Khajuraho is one of the capitals of the Chandella rulers, a dynasty of Rajput origin which came into power at the beginning of the 10th century, and reached its apogee between 950 and 1050. Of the 85 temples which were constructed at Khajuraho during the Chandella period (and which were still resplendent: when the great traveller Ibn Battuta noted them in 1335), 22 still exist, disseminated within an area of about 6 km2.
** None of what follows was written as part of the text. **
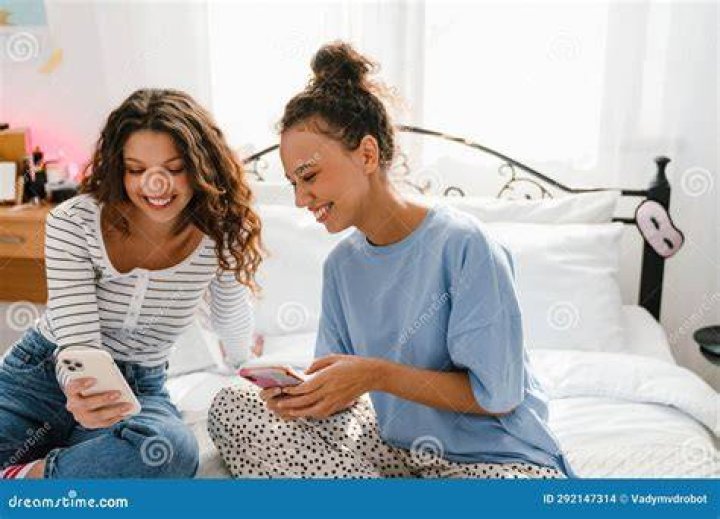 Young girls using phone, sitting legs crossed Stock Vector Image & Art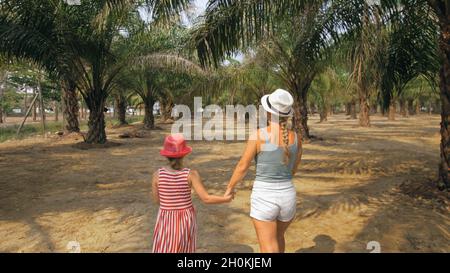 Mom and daughter for a walk. Woman tourist with plait walks looking around at growing young trees with lush leaves at oil palm farm elaeis guineensis Stock Photo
As, monuments of two distinct religions, Brahminism and Jainism, the temples of Khajuraho are nonetheless distinguished by a common typology: they comprise an elevated substructure, over which rises the body of the richly decorated building, the 'jangha', covered with several registers of sculpted panels on to which open-work galleries are opened. This is crowned by a series of bundled towers with curvilinear contours, the Sikharas.
The most important group of monuments is massed in the western zone, not far from the archaeological museum, including the temples of Varaha, Lakshmana, Matangeshwara, Kandariya, Mahadeva Chitragupta, Chopra Tank, Parvati, Vishwanatha and Nandi. But the east and south groups also comprise noteworthy complexes (the temples of Ghantai, Parshvanath, Adinath, Shantinath, Dulhadeo, Chaturbhuja).